ところが翌日寄進する花を集めた後、リンファスに昨夜咲いた花は再びは咲かなかった。
右胸の花だけに戻ったリンファスは世界樹へと花を運ぶ荷馬車の上で、ハラントに尋ねた。

「イヴラの方は、どういう時に花乙女に花を贈るんですか?」

ケイトやプルネルは愛情の証だというが、リンファスは自分がそんなものを受け取れる花乙女だとは思っていなかった。
なんといってもやせぎすで印象が良くない。他の乙女たちはみんな健康的にはつらつと美しいのに、リンファスときたら不健康そのもので、ファトマルには不景気な顔だと嫌がられていた。

ハラントはふむ、と顎髭を撫でると、こう言った。

「花を贈る、って言うだけだったら、ちょっとでも気になったら花は咲くだろうな。
だが、それが続くとは限らない。
例えば茶話会で会って、その時に楽しく喋れば花が咲いた。
でも、その乙女のことをそれっきり忘れちまえば、気持ちが向いてないんだから花はいずれ落ちただろうな」

「落ちる……」

ハラントは馬車を走らせながら応えてくれた。

「花はイヴラがその乙女に気を向けてる間だけ咲く。いっときの感情だったら、その場限りの花だ。
ずっと想い続けるから、摘んでも摘んでも花が咲く。
ケイトも少女の頃は寄進する花を摘んだ後に次が咲くかって気にしてたらしい。
イヴラも茶話会で沢山の乙女と話すだろう? だから、いっときだけの花ってのは、良くあることだ。
リンファスにもいずれ次の花が咲くさ。

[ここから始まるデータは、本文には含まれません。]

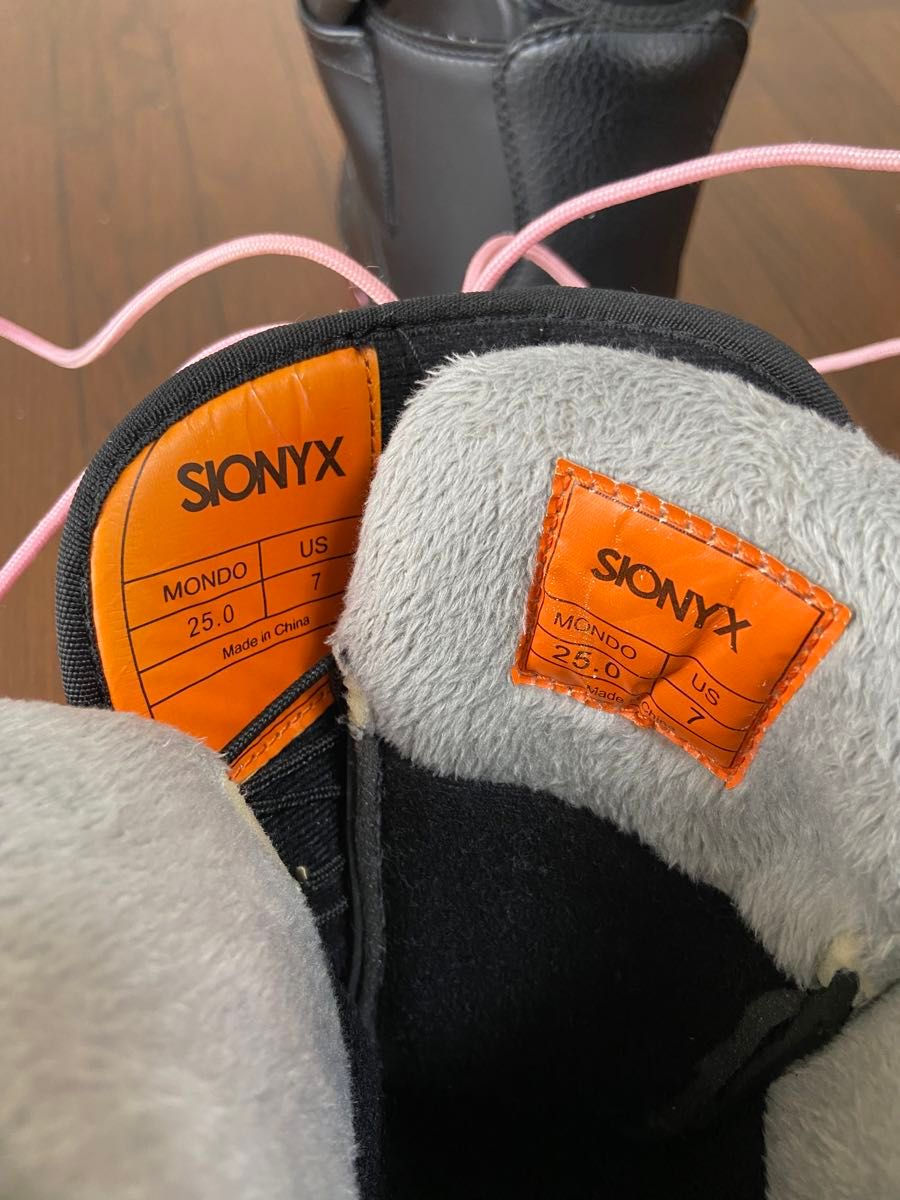 SIONYX サイオニクス スノーボード ブーツ レディース　25.0cm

そう落ち込みなさんな」

ということは、昨夜の花が咲かなくて右胸の花が咲いたままなのにも、何かイヴラの気持ちが関係しているのだろうか。

「リンファスの胸の花は憐みの花に似ているな。同情……、っていうと分かりやすいか。
つまりその花を贈ったイヴラはお前さんに情けを掛けたんだろう。
お腹の花は俺は見てないから分からんが、舞踏会に行ったんだし、誰かがお前さんを見て、おや、と思ったということもあるな。
茶話会や舞踏会はそう言うことが起こりやすい。だけど、その中から本当の愛の花が着いていくもんだ。
茶話会も舞踏会もまだ一回だろう。まだまだこれからだよ、リンファス」

ハラントはリンファスをそう慰めて、ぴしりとハラントが馬に鞭をくれる。荷馬車はガタガタと走っていった。